Notes on: “The Structure of Scientific Revolutions”; by Thomas S. Kuhn
Shadi Samawi
Specialist Orthodontist | Secretary General - Jordanian Commission of Orofacial Pain & Dysfunction | Former Secretary General & Treasurer - Jordanian Orthodontic Society | Former Consultant Orthodontist (Bahrain)
Scientific theories don’t change because old scientists change their minds; they change because old scientists die. ~ Max Plank
In 1962, Thomas Kuhn, Historian of Science, published his seminal work: The Structure of Scientific Revolutions (The University of Chicago Press). In this book, Kuhn challenged long-standing linear notions of scientific progress, arguing that transformative ideas don’t arise from the day-to-day, gradual process of experimentation and data accumulation but that the revolutions in science – those breakthrough moments that disrupt accepted thinking and offer unanticipated ideas – actually occur outside of “normal science,” as he called it.

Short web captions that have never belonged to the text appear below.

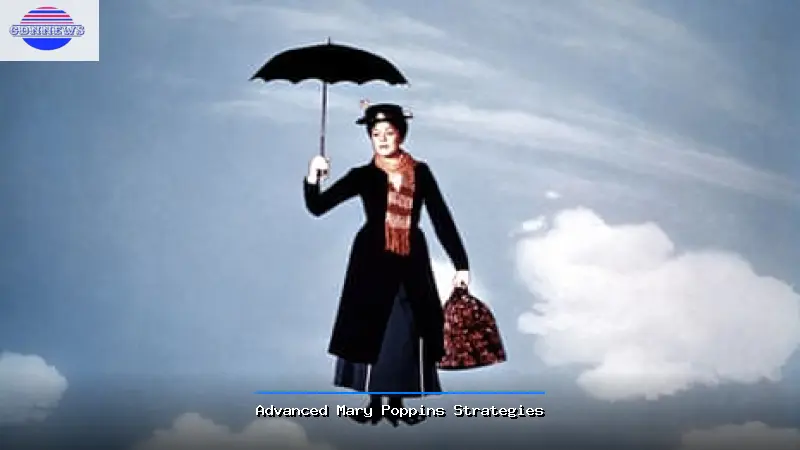 Advanced Mary Poppins Strategies - Mary Poppins Guide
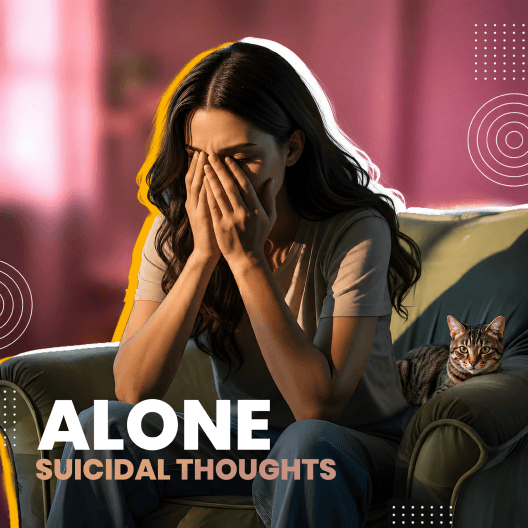 Alone — Suicidal Thoughts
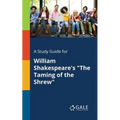 A Study Guide for William Shakespeare's "The Taming of the Shrew"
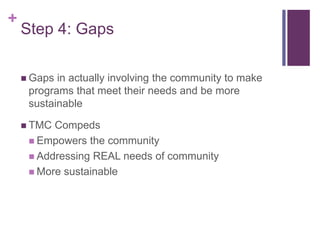 +
Step 4: Gaps
 Gaps in actually involving the community to make
programs that meet their needs and be more
sustainable
 TMC Compeds
 Empowers the community
 Addressing REAL needs of community
 More sustainable
 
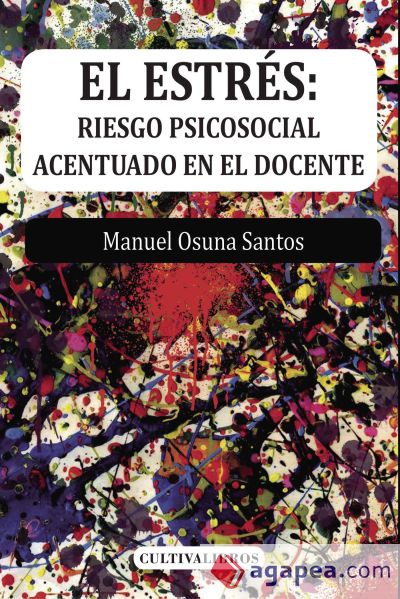 El estr?s: riesgo psicosocial acentuado en el docente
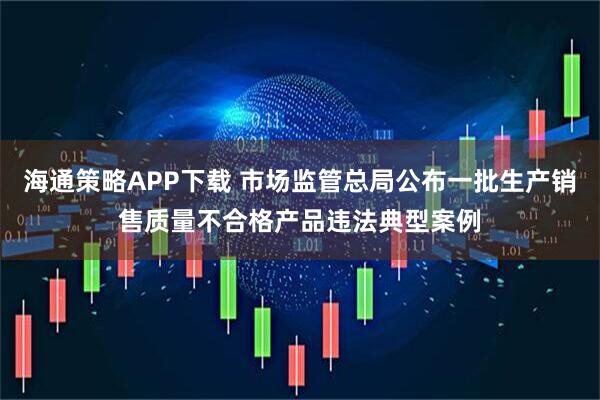 海通策略APP下载 市场监管总局公布一批生产销售质量不合格产品违法典型案例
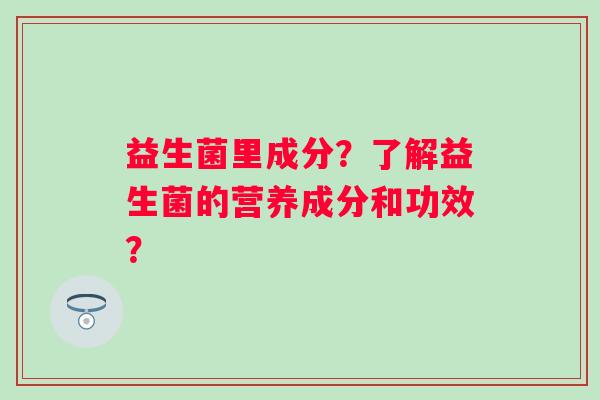 益生菌里成分？了解益生菌的营养成分和功效？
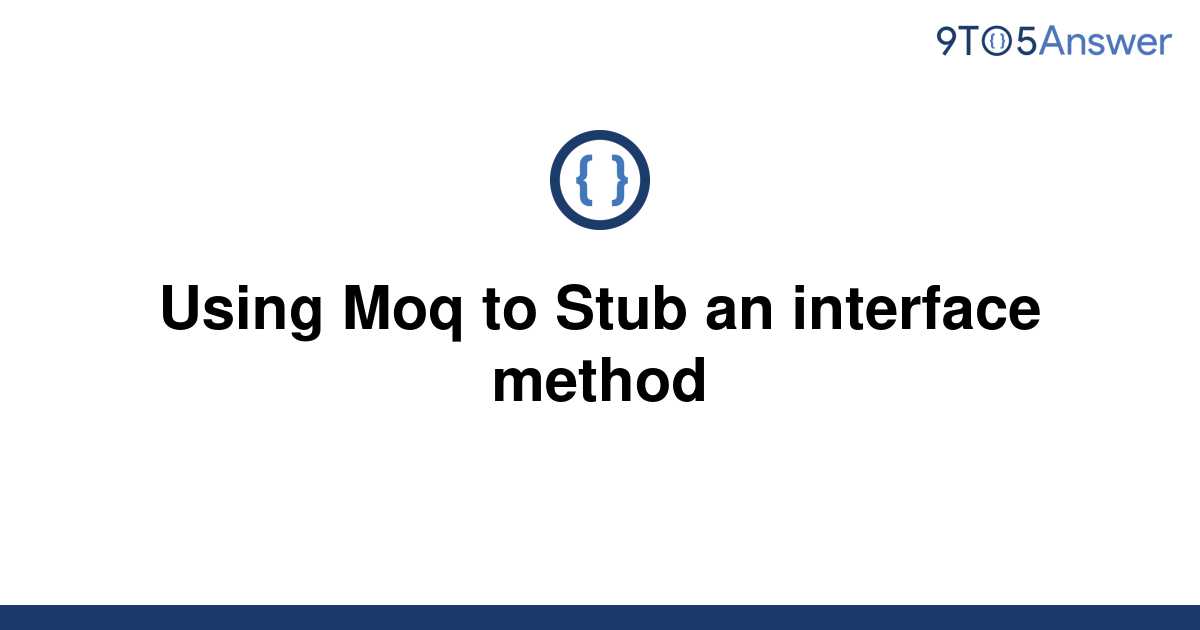 solved-using-moq-to-stub-an-interface-method-9to5answer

Normal Science , as Kuhn defines it, means research firmly based upon one or more past scientific achievements, achievements that some particular scientific community acknowledges for a time as supplying the foundation for its further practice.
Though Kuhn was writing when physics ruled the sciences, his ideas on how scientific revolutions bring order to the anomalies that amass over time in research experiments are still instructive in our biotech age.